The space of probability distributions \(\mathcal{P}\) shows up when we're working with statistical models. In the example of classifying an image into 10 classes, this takes the form of the 9-dimensional probability simplex \(\Delta_9 = \{\vec{\mu} \in \mathbb{R}^{10}: \mu_i \geq 0, \; \sum_i \mu_i = 1 \}\). A "good" probability distribution would assign most or all probability to the correct class, and training a statistical model amounts to moving our predictions around in \(\mathcal{P}\) toward the good ones.

In general, there are a few proper metrics in this space, including the \(L^p\) distance given above with \(p=1\) or \(2\) (if the distribution is discrete), the Hellinger distance
\[ d(p, q) = \sqrt{\tfrac{1}{2} \sum_i (\sqrt{p_i} - \sqrt{q_i})^2}, \]
and the Fisher information metric.
A tangent space \(\mathcal{T}_{p_0} (M)\) is defined at a point \(p_0\) within some other space \(M\). Note that this means each point in \(M\) gets its own tangent space! The collection of all tangent spaces across all points in \(M\) is \(M\)'s tangent bundle.

An element \(v\) in \(\mathcal{T}_{p_0} (M)\) corresponds to some movement in some direction from \(p_0\).
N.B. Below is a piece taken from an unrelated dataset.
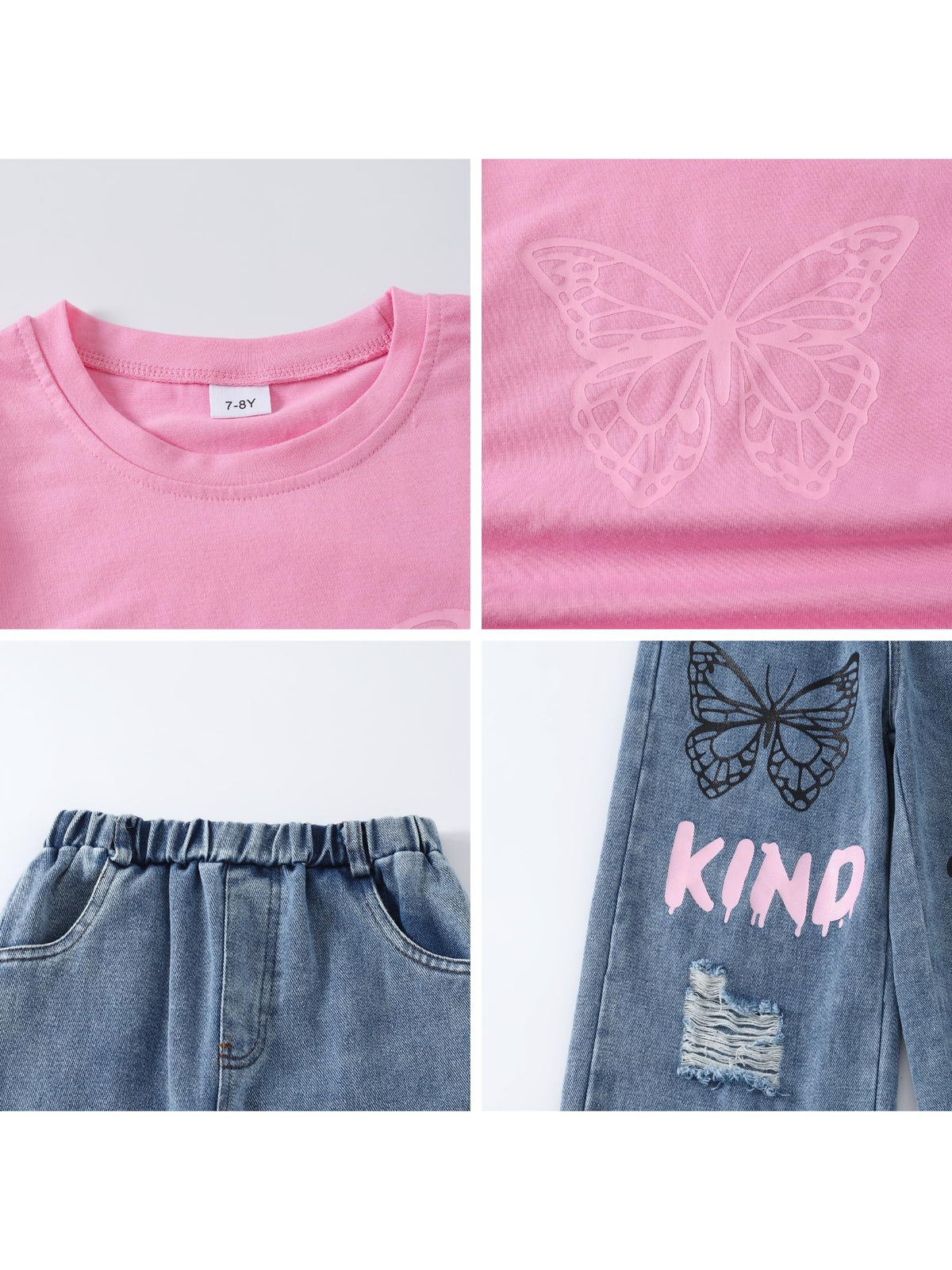 LKALPSQ Girls Outfits Teen Girls Clothes Butterfly Graphic Crop Short Sleeve T Shirts & Ripped Print Wide Leg Jeans 2PCS Girls Clothing Set 9-10 Years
There are lots of versions of tangent spaces in differential (and algebraic) geometry, but we're concerned here with two of them:
- \(\mathcal{T}_{\theta_0} (\Theta)\), the tangent space of a particular set of parameters \(\theta_0\) within the space \(\Theta\) of all possible parameters.
- \(\mathcal{T}_{f_0} (\mathcal{F})\), the tangent space of a particular function \(f_0\) within the space \(\mathcal{F}\) of all possible functions.
Distance within a tangent space naturally depends on how distance is defined in its original manifold. There's a theorem that every (smooth) manifold admits a Riemannian metric, a smooth assignment of an inner product to each tangent space. By "smooth assignment" we mean that if two points \(p_1\) and \(p_2\) are close on the manifold \(M\), we can define inner products \(g_1(\cdot, \cdot)\) and \(g_2(\cdot, \cdot)\) on tangent spaces \(\mathcal{T}_{p_1}(M)\) and \(\mathcal{T}_{p_2}(M)\) that are also close.

As we saw before, the existence of an inner product \(g(\cdot, \cdot)\) allows us to define a norm \(\|v\| = \sqrt{g(v,v)}\) on the tangent space, which in turn allows us to define a metric \(d(v,w) = \|v-w\|\) for any two vectors \(v\) and \(w\) in the tangent space. This lets us robustly measure the size of a given movement, in addition to its direction: if \(v_1\) and \(v_2\) have the same direction in the tangent space, but \(\sqrt{g(v_1, 0)} = ||v_1|| > ||v_2||\), then \(v_1\) corresponds to a larger movement than \(v_2\) in that direction.

Example: sinusoid fitting

Consider the function \(f(x; A, \omega) = A \sin(\omega x)\). If we treat \(A\) and \(\omega\) as parameters to optimize to some target, we can visualize these three spaces: the (coincidental) data and function space, the parameter space, and the tangent space.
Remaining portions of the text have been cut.